0.1.8

0.1.8 - 2016-10-10

Added

• Add new Status code into status.json for OAuth2 server
• Add docs folder for project documentation

Changed

• Fix a bug in client to prevent calling oauth2 server multiple times if in renew window.
• Add socket timeout for client
• update client.json in test resource to simulate different errors.

0.1.7

0.1.7 - 2016-10-05

Added

• Introduce MiddlewareHandler interface so that user can plug in more middleware or switch middleware

Changed

• Fixed info test case to clear the injected config
• All middleware handlers implement MiddlewareHandler interface so that they are loaded from SPI
• Middleware handlers will be enabled by checking isEnable()
• Update validator test case to remove oauth2 dependency
• Fix the NPE issue if swagger specification does not have security defined
• SwaggerHandler will only be enabled if swagger.json exists in config
• Fix the token helper to get token from OAuth2 server

0.1.6

0.1.6 - 2016-10-02

Added

• Add header parameter validation against swagger specification

Changed

• Refactor validator to fail fast while error occurs
• All validator returns Status object instead

0.1.5

0.1.5 - 2016-10-01

Added

• A body parser handler to parse body into String and attached to the exchange
• A swagger handler to identify operation based on request uri and method and attach to the exchange

Changed

• Move swagger related classes from utility to swagger module
• Update security module to leverage swagger handler attachment
• Update validator module to leverage swagger handler and body handler attachments
• Server Info handler is not injected in server but is included into swagger specification

0.1.4

0.1.4 - 2016-09-29

Added

• A generic exception handler for runtime exception, ApiException and uncaught exception

Changed

• Move checked exceptions to exception module from status

0.1.3

0.1.3 - 2016-09-28

Added

Changed

• Fix a NPE in request validator if query parameter is missing
• Do not validate query parameter if there is none.
• Handle the case that security defintion is empty.

0.1.2

Added

• Jwt token scope verification based on swagger spec in security
• Status module to standardize error response
• Config can be loaded from classpath directly so that test case can inject different combination of configs.

Changed

• Update the jwt.json and secuirty.json to support multiple certificates and kid to pick up the right certificate
  for jwt verification.

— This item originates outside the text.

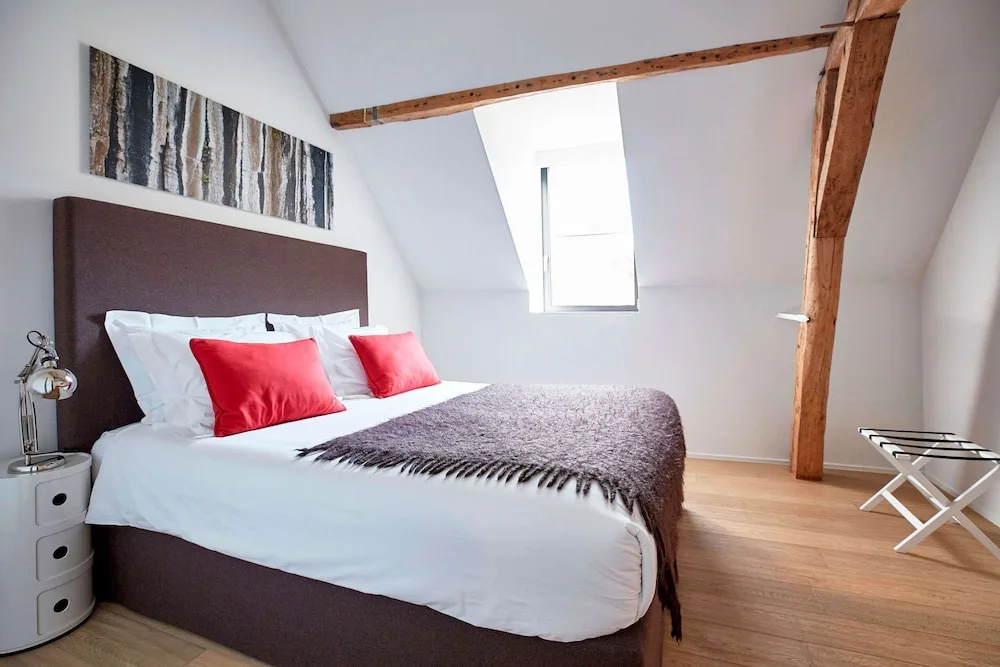 1 Bedroom Luxury Double room with river view (full double bed)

Also, expired token will throw ExpiredJwtException now.
• Move request uri matching and swagger.json to utility
• Move exceptions to status from utility
• Instead of using Jackson ObjectMapper to serialize Status object, using toString now. 10 times faster

0.1.1

In this release, the following modules are added:

• client - wrapper of apache HttpClient and HttpAsyncClient. support automatically cache and renew client credentials jwt token
• validator - validate request based on the swagger.json for uri parameters, query parameters and body which is based on json-schema-validator
• audit - dump most important info about request and response into audit.log in JSON format. Also, there is a full audit handler to dump everything regarding to request and response.
• info - a handler that injects an endpoint /server/info that can out all plugged in component on the server and configuration of each component.
• mask - used to mask sensitive info before logging to audit.log or server.log
• swagger-codegen - a generator that generates the routing handlers and running API application with swagger spec.

Modules released in previous release:

• server - a framework on top of undertow http core that support plugins to performance different middleware handling.
• security - oauth2 jwt token verification and mock token generation. Also, there is an testing OAuth2 server released here
• utility - utility classes that are shared between modules.